Courtesy of the Minnesota Vikings
Your Vikings stadium transparent roof will be 240,000 square feet.

Your Vikings stadium transparent roof, on the other hand, will be 240,000 square feet, the largest such transparent roof in the world. Local birds will have a target that will be difficult to miss. And so far as I know, Zygi Wilf is not springing for a ginormous windshield wiper system. Because of this, over time I’m concerned our transparent roof could end up as gray as the Metrodome roof.

Pioneer Press reporter Bob Sansavere asked about this almost a year ago, and was given a curt answer by the Vikings’ Lester Bagley.

“The ETFE (ethylene-tetraflouroethylene) product is self-cleaning.”

Blue skies, nothing but blue skies, according to Mr. Bagley. Mr. Sansavere didn’t probe for details about that “self cleaning” claim, but I remain curious. How exactly does “self cleaning” work?

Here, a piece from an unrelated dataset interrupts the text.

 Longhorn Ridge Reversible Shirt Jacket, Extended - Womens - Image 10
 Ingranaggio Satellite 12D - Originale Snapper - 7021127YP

  • Do plopping molecules disintegrate when encountering with ethylene-tetraflouroethylene molecules?
  • Is ETFE so darn slippery that bird poop immediately slides off of it? (In which case I have pedestrian-oriented follow-up questions.)
  • Are the Vikings planning to deploy something from Ronald Reagan’s strategic defense initiative (SDI) to protect the roof from sparrow-launched missiles?
  • Do we believe that local grackles will have so much reverence for the dazzling beauty of ETFE that they will voluntarily take their business elsewhere?
  • Can I get this miraculous bird shit-proof technology installed on my car and home?

Mr. Bagley’s “self cleaning” claim might very well be true. But since we taxpayers are buying about half a billion dollars worth of stock in the world’s biggest shrine to ethylene-tetraflouroethylene, I want to hear more.

This post was written by Joe Loveland and originally published on Wry Wing Politics.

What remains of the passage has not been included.